→ **DIRECTIONS**: Look through the records below, and copy out every line that holds the string "Women".

→ **AVAILABLE RECORDS**:
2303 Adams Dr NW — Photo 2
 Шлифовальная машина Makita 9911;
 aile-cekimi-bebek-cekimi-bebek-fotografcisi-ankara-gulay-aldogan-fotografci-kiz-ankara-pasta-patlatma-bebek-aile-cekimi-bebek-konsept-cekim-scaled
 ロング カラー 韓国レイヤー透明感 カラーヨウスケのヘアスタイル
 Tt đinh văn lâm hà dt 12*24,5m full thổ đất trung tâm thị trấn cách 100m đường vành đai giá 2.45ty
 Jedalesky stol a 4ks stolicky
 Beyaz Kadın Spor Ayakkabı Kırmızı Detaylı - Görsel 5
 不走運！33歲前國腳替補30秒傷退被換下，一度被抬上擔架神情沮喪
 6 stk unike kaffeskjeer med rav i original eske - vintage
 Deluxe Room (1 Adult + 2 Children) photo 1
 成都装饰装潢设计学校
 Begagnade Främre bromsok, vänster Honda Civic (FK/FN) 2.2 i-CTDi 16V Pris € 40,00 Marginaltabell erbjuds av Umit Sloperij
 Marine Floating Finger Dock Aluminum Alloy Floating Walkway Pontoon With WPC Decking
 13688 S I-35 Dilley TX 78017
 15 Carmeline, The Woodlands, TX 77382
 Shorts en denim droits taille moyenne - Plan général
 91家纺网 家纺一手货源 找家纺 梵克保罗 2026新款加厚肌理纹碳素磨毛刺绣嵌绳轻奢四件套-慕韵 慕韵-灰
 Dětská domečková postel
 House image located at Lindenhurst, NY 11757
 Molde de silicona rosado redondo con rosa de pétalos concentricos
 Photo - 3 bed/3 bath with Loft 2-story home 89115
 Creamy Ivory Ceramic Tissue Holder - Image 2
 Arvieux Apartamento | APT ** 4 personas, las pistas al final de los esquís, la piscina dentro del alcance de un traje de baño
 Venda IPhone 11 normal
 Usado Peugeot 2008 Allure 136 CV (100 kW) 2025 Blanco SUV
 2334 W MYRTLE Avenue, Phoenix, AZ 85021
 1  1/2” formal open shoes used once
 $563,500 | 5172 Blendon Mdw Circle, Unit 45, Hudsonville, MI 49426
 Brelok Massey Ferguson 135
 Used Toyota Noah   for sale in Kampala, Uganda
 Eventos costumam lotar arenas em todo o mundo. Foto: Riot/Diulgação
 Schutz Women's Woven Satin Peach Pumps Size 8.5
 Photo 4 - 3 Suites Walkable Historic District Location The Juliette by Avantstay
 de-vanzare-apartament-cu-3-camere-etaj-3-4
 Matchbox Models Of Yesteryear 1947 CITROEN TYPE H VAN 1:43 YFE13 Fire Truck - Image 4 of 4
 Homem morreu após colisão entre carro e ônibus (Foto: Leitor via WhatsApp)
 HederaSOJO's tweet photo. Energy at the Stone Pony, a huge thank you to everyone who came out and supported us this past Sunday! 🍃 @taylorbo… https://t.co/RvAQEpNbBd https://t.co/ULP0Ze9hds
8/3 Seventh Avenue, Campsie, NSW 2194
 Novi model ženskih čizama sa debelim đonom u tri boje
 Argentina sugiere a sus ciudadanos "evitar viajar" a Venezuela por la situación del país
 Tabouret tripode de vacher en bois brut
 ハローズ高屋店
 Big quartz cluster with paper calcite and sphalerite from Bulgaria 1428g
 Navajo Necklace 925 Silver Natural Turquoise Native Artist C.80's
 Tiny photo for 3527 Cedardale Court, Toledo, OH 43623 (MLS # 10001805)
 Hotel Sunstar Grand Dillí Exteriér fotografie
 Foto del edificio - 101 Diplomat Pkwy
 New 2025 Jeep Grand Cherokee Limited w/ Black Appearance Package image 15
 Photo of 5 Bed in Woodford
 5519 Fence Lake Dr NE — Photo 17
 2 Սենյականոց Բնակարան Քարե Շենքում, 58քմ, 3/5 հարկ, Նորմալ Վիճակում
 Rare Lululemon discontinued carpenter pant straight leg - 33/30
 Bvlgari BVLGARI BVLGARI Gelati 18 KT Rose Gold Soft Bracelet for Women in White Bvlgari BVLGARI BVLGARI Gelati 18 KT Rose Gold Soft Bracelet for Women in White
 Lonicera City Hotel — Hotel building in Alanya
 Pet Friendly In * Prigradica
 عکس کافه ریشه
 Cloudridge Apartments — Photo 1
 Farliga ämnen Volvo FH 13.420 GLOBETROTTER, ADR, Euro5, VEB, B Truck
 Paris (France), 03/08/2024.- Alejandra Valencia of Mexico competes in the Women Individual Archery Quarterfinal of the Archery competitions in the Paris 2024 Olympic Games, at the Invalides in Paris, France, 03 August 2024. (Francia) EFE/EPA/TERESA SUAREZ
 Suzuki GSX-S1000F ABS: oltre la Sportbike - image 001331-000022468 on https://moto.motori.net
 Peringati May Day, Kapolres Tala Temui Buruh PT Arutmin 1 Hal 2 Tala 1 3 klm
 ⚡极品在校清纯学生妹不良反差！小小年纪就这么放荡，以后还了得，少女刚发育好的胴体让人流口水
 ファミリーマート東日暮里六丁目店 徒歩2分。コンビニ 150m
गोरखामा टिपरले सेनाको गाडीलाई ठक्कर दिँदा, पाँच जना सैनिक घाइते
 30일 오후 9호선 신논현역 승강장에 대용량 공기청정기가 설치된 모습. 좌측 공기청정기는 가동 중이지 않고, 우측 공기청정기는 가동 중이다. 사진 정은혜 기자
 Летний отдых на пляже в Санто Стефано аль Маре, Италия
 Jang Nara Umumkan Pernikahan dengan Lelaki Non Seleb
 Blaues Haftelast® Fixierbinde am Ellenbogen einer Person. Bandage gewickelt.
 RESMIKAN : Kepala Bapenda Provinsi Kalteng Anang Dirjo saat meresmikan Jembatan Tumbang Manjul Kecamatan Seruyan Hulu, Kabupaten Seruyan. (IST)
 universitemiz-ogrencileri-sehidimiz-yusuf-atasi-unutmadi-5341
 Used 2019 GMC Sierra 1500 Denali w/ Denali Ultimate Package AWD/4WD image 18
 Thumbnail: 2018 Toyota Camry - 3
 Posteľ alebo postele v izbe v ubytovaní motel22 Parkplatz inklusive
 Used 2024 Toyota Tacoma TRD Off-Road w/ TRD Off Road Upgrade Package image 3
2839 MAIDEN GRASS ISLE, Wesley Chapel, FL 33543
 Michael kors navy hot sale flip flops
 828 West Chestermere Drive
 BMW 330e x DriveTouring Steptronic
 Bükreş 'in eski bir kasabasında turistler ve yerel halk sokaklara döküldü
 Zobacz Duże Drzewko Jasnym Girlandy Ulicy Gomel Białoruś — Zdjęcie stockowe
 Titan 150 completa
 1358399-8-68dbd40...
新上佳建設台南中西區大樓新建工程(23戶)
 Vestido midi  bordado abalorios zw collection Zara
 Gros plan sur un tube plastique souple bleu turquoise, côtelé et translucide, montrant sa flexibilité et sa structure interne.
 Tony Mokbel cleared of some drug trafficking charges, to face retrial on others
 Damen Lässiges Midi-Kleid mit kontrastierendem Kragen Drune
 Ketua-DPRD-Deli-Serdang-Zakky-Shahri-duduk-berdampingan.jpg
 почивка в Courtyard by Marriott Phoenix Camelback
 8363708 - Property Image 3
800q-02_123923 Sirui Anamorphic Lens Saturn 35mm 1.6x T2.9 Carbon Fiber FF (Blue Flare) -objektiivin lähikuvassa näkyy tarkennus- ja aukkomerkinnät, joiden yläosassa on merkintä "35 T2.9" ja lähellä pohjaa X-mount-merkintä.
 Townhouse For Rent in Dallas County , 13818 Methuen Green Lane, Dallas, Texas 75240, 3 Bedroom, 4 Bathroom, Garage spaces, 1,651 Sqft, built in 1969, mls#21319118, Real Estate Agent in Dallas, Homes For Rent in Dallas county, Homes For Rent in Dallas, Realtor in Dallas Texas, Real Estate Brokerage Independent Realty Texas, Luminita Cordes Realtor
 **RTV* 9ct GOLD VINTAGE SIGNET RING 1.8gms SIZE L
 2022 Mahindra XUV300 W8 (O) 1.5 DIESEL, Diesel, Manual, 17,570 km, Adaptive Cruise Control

→ **ANSWER FOR THE TASK**:
 Schutz Women's Woven Satin Peach Pumps Size 8.5
 Bvlgari BVLGARI BVLGARI Gelati 18 KT Rose Gold Soft Bracelet for Women in White Bvlgari BVLGARI BVLGARI Gelati 18 KT Rose Gold Soft Bracelet for Women in White
 Paris (France), 03/08/2024.- Alejandra Valencia of Mexico competes in the Women Individual Archery Quarterfinal of the Archery competitions in the Paris 2024 Olympic Games, at the Invalides in Paris, France, 03 August 2024. (Francia) EFE/EPA/TERESA SUAREZ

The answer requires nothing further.